Unmasking the Internet Imposters: AI's Role in Identifying Fraudulent Websites

The digital realm is a playground for deception. Every day, we see the rise of fraudulent websites, meticulously designed to appear trustworthy, with the sole purpose of illicitly profiting, either directly or indirectly. These sites are notorious for stealing sensitive information such as passwords and other credentials, which are then sold on the dark web. They also trick unsuspecting individuals into executing false money transactions or revealing their credit card data.

The Corporate Conundrum: The Threat of Fake Websites

For many businesses, the nightmare begins when their brands, logos, or business websites are replicated and misused to gain trust from employees, customers, or anyone unfortunate enough to land on these fraudulent sites. The attacker’s end-goals can vary from breaking into the organization using stolen passwords to obtaining sensitive customer information.
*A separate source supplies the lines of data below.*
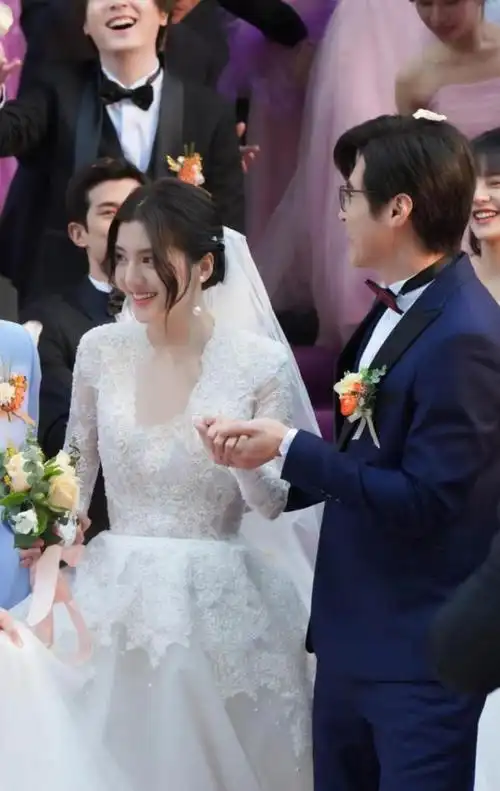 而这次的婚纱造型张馨月又被吴千语比下去了,早前林峯老婆也因为突然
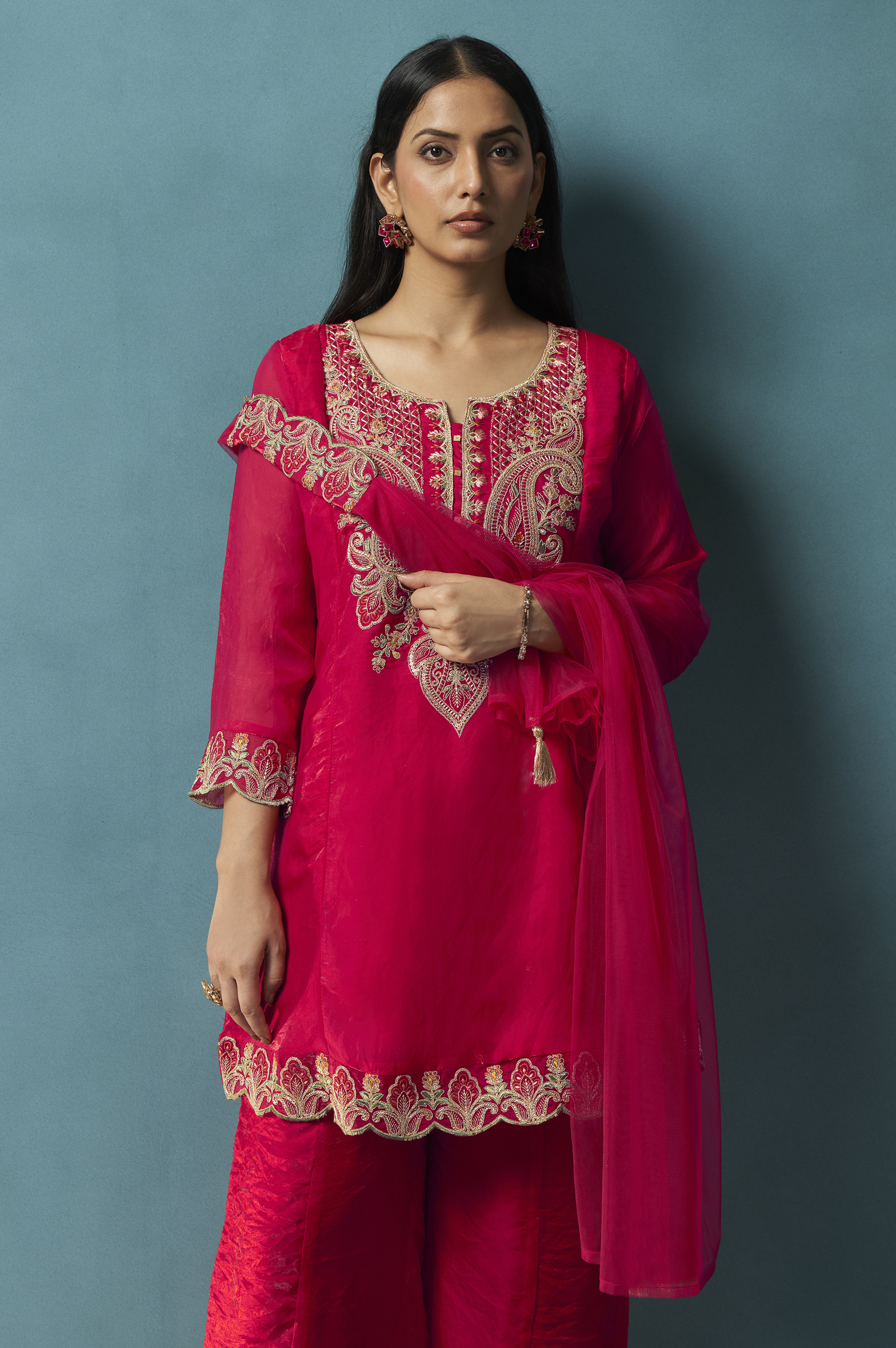 red-silk-blend-embroidered-straight-kurta-set-with-choker-net-dupatta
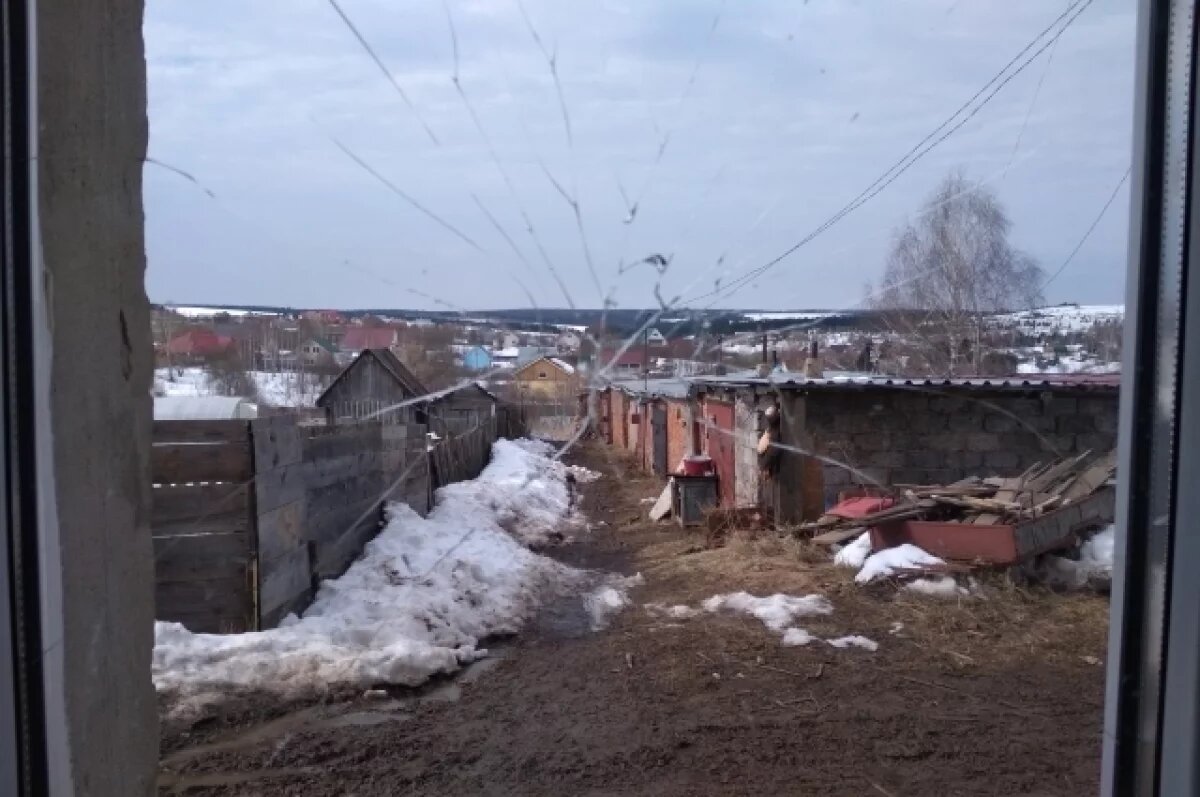    Слюсарь: в Ростовской области ночью отбили атаку БПЛА, ряд домов пострадал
Setting up such a fake website involves registering an internet domain name that often closely resembles the target organization’s name. This act, known as cybersquatting or domain squatting, is a common tactic. For instance, a legitimate website might be www.company.com, and an attacker could register www.company.org (different extension, TLD swap) if that domain name was still available. Most users won’t notice the difference. There are many other look-a-like domain names to choose from (like www.company-info.com, www.com-pany.com), making it virtually impossible for an organization to register all of them to prevent cybersquatting. In such scenarios, it becomes crucial to check if a website is legit to protect oneself from falling into the trap of these fraudulent sites.

Despite the organization being blameless, the repercussions of a successful attack can cause significant damages. The internet is rife with cases and news articles about such attacks and their consequences.

According to the United States federal law known as the Anticybersquatting Consumer Protection Act, cybersquatting is the act of registering, trafficking in, or using an Internet domain name with bad faith intent to profit from the goodwill of a trademark belonging to someone else. The cybersquatter may offer to sell the domain to the person or company who owns a trademark contained within the domain name at an inflated price.

Since 1999, the World Intellectual Property Organization (WIPO), one of the 15 specialized agencies of the United Nations (UN), has provided an arbitration system wherein a trademark holder can attempt to claim a squatted site. The number of claims has been on the rise ever since.

However, the law often falls short in helping the victim, as the attacker cannot be identified in many cases. In such instances, the law also fails to assist in settling any damages. That’s why several organizations have taken proactive steps to monitor the registration of potential cybersquatting domains in combination with detecting fake websites to avoid or minimize any damages early on.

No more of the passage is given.